The park filed for bankruptcy in 1975, before a fire destroyed large sections of it at the end of that year, including the Emerald City Amphitheatre, offices and technical departments and the all-important gift shops. Suspicions that the fire had been started deliberately were exacerbated by a theft of many of the valuable items from the museum at the same time, including the Dorothy dress, which was scornfully described by the attraction’s PR representative as “that $1,000 piece of gingham”. Although the park would limp on until 1980 under new management, it was never the same, and it then shut down, falling into haunted disrepair.

Under normal circumstances, that would have been the end of that particular yellow brick road, and it was initially intended to be bulldozed and a gated community constructed in its stead. However, the Land of Oz has gone on to have a strange afterlife that, in a curious way, fits its subject far more aptly than a more conventional theme park would ever have done. Beginning in 1991, the attraction was opened on a one-off basis on July 4, allowing the curious to see what could have been. Despite the years of neglect and abandonment, enough of the original park survived, and so an annual festival, the Autumn of Oz, was proposed, which continues to this day. Every September, the Land of Oz reopens for three weekends, and thousands of people flock to it, fascinated to see what might have been.

It is unlikely ever to open full-time again. But there was an abortive attempt to create a wholly new Oz-themed attraction in Kansas itself three decades ago, The Wonderful World of Oz, conceived on a scale that would have made both Baum’s original conception and the Land of Oz seem relatively trifling. The idea was to build a $500 million theme park with six themed areas, as well as a hotel, golf course and, naturally, a shopping district. Yet the budget soared to a staggering $861 million. And then another, rather more elemental problem was discovered.

Capturing the magic? A exhibit at the Land of Oz theme park
Capturing the magic? A exhibit at the Land of Oz theme park

In order for the theme park to be built, some of the land that had been earmarked for it would have to be purchased from the Osage Nation who did not take kindly to the idea of their ancestral homeland being desecrated in the memory of a man who had detested them. It transpired that, although Baum had undoubtedly been ahead of his time when it came to proto-feminism, his other social views had been antediluvian, even by the standards of the day. When he had been a journalist in the 1880s, editing the South Dakota newspaper the Aberdeen Saturday Pioneer, he had published an incendiary editorial on January 3, 1891, calling for the annihilation of all Native Americans. His piece was precipitated by the Wounded Knee Massacre of December 1890, when nearly three hundred Lakota people were killed by the US army.
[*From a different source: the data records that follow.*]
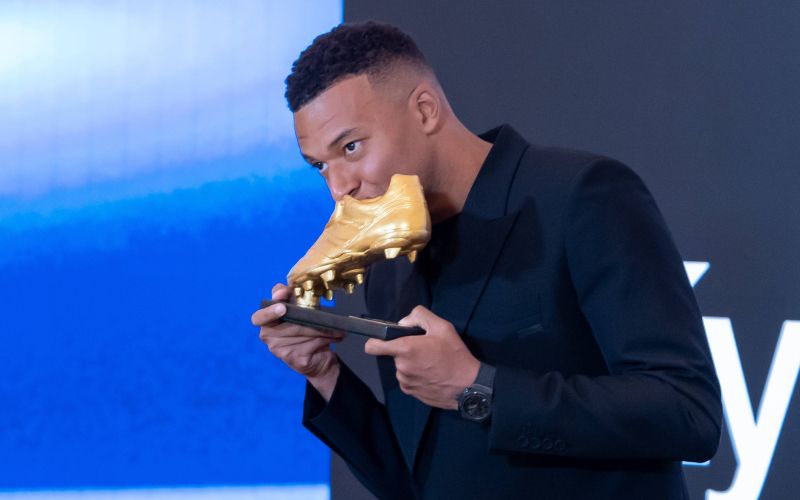 kylian mbappe zlati čevelj.jpg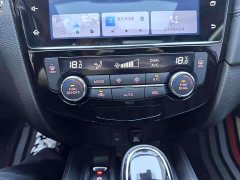Tesla 2.0L 2WD Edition - ფოტო 12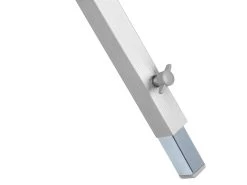 CamPart Texas Roltafel 15 CamPart Texas Roltafel -Kortingswinkel voor buitenkamperen 410951 410951 images other ta08024 inset 4 ecommerce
Baum decried the cowardice of the Lakota victims, “The proud spirit of the original owners of these vast prairies inherited through centuries of fierce and bloody wars for their possession, lingered last in the bosom of Sitting Bull. With his fall the nobility of the Redskin is extinguished, and what few are left are a pack of whining curs who lick the hand that smites them.”

He also praised white supremacy – “The Whites, by law of conquest, by justice of civilisation, are masters of the American continent, and the best safety of the frontier settlements will be secured by the total annihilation of the few remaining Indians” – and concluded “Why not annihilation? Their glory has fled, their spirit broken, their manhood effaced; better that they die than live the miserable wretches that they are.”

The Land of Oz theme park
The Land of Oz theme park

When Baum’s remarks resurfaced in the early 2000s, they caused uproar, and in 2006, his descendants issued a public apology for his statements. By that stage, the plans for the Wonderful World of Oz had fallen to pieces. Since then, there have been occasional attempts to build another Wizard of Oz-themed attraction, but, as yet, nothing has come to fruition.

It will be fascinating to see whether the inevitable commercial success of Wicked will lead to renewed interest in creating an enormously expensive theme park, defying a century of bad karma and failed attempts, or whether this is a fairytale that ought to remain in our imaginations.